Home > Other > The Madwoman in the Volvo: My Year of Raging Hormones > Page 3
The Madwoman in the Volvo: My Year of Raging Hormones Page 3

by Sandra Tsing Loh


  I couldn’t do anything right. I was devastated, humiliated, and grieving. In the darkness, alone in my squalid apartment, I’d shake my fist into the radio silence of Mr. Y, who was across town, safe in his marital bed, tangled in his wife’s 500-thread-count percale sheets.

  I knew that my misery was utterly deserved. Lying alone, stricken in this darkened cabin, as I’d abandoned my husband and Mr. Y his wife, now I in turn was abandoned. What idiots we’d been, Mr. Y and I. We had torpedoed our families and children for a love that hadn’t stuck.

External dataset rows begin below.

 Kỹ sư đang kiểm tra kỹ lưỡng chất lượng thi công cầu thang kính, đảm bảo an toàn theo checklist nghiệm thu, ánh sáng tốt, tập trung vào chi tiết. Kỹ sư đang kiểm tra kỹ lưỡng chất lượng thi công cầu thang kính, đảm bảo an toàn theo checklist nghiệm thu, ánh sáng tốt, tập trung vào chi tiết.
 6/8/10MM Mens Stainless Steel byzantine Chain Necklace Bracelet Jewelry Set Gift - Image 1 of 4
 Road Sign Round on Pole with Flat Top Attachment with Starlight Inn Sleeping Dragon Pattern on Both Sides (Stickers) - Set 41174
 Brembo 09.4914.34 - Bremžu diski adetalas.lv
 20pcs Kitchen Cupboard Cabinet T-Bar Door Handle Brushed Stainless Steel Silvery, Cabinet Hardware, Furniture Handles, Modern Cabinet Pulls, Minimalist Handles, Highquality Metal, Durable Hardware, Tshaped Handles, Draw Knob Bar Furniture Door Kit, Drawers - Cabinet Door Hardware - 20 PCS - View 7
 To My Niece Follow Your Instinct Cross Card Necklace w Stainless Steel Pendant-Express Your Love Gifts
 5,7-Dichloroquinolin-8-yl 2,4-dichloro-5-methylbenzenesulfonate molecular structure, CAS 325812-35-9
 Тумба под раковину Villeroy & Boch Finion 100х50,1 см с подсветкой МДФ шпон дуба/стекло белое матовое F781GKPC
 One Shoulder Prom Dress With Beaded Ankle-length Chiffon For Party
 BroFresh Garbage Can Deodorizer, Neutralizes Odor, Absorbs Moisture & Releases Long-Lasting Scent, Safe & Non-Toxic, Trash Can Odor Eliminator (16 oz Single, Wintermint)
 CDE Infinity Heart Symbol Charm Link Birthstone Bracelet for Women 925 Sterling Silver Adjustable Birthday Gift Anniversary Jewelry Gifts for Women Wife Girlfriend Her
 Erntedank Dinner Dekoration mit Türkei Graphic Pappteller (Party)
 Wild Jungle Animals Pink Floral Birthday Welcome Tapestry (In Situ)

  I BEGAN drinking with a divorced girlfriend named Elise. White wine does not go down well when you’re angry—probably red wine or whiskey are better—but chardonnay is what one drank at this ridiculous Westside bistro Elise loved, and I was desperate for company. Men were not Elise’s favorite species, so she was drawn to my story like a moth to flame. “I can’t believe he would do that to you!” she wailed operatically, clutching my hands in hers. “How could he hurt you like this? What an asshole. Oh Sandra, I’m so sorry.”

  And while I appreciated the support, I didn’t entirely agree. The image she had of me as the jilted middle-aged woman—the victim—was not helpful or entirely accurate. I knew that Mr. Y’s decision to move home to his family had been hard. I knew that his wife was a gracious and elegant person, and I knew that Mr. Y’s betrayal had been awful for her. I had been irresponsible and narcissistic, destroying his family as well as my own.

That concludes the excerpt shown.